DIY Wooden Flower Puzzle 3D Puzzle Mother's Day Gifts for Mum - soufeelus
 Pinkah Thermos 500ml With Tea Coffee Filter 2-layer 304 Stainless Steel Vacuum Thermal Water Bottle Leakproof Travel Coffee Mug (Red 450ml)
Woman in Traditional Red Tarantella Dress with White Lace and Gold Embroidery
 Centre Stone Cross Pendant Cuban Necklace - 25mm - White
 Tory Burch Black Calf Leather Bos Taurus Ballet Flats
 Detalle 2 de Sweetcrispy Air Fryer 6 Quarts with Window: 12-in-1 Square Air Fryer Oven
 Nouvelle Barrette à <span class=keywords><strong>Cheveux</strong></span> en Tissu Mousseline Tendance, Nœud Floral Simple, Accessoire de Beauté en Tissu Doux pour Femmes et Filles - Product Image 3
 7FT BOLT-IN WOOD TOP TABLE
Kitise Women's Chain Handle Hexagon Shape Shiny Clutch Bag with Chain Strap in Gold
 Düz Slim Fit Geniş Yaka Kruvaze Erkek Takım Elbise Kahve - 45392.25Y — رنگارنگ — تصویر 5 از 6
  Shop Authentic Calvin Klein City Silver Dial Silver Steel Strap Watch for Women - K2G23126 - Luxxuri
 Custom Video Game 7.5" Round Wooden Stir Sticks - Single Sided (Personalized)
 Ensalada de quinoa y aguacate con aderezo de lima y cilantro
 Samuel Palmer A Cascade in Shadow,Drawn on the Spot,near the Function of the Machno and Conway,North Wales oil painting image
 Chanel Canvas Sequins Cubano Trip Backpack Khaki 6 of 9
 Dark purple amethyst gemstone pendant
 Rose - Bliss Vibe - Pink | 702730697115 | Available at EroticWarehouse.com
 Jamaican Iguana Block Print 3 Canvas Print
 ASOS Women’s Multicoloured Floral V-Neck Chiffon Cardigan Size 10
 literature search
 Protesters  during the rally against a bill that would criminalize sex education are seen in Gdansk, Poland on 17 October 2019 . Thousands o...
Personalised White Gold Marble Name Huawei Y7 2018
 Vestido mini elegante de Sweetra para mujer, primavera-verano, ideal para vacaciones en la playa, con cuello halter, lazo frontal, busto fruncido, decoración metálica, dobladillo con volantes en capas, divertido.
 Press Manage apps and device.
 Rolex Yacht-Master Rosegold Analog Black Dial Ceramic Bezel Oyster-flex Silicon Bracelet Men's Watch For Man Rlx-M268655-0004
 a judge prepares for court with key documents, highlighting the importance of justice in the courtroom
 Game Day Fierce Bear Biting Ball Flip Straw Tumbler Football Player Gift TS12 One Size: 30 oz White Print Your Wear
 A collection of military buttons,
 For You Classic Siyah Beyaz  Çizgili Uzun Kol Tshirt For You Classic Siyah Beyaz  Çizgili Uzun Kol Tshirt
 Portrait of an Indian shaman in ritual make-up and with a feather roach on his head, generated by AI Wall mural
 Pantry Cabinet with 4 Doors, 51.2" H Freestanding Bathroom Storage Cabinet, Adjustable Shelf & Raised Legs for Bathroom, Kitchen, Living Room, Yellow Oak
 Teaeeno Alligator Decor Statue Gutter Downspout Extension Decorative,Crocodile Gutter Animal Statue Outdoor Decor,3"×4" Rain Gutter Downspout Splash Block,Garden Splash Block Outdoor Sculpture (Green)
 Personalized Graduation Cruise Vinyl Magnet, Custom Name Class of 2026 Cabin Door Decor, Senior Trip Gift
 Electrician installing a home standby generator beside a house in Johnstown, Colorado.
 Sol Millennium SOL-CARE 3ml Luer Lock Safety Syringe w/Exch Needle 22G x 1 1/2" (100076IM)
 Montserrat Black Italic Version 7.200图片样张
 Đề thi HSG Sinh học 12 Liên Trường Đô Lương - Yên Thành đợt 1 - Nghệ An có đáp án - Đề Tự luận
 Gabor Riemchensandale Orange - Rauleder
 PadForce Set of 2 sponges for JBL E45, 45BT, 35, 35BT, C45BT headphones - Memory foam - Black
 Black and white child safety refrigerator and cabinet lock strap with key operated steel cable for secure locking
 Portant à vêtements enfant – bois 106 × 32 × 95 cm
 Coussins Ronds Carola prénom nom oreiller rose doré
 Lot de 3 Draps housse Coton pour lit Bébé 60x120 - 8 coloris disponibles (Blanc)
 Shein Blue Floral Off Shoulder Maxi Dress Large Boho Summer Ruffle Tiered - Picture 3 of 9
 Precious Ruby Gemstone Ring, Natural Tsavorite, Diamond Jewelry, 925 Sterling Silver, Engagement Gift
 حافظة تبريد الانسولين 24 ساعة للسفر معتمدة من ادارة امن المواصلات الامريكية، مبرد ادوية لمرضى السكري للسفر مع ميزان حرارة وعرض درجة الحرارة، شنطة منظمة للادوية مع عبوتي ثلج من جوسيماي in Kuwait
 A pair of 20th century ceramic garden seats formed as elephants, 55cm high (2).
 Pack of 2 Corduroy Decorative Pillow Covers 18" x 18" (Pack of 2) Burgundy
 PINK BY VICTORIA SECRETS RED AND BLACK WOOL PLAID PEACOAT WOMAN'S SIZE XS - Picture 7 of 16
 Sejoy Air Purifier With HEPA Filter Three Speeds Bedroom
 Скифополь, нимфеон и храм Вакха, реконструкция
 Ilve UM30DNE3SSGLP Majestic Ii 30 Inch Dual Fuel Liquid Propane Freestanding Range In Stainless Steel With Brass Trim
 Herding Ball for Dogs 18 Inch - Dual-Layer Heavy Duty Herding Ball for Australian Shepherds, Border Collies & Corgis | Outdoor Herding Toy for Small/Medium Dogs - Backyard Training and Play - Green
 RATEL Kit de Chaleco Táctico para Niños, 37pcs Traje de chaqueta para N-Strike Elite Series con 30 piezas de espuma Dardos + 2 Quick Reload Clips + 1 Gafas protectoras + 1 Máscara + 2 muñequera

» **Problem to work on**
From the data above, copy each line where the string "Block" appears.

» **Task solution**
 Jamaican Iguana Block Print 3 Canvas Print
 Teaeeno Alligator Decor Statue Gutter Downspout Extension Decorative,Crocodile Gutter Animal Statue Outdoor Decor,3"×4" Rain Gutter Downspout Splash Block,Garden Splash Block Outdoor Sculpture (Green)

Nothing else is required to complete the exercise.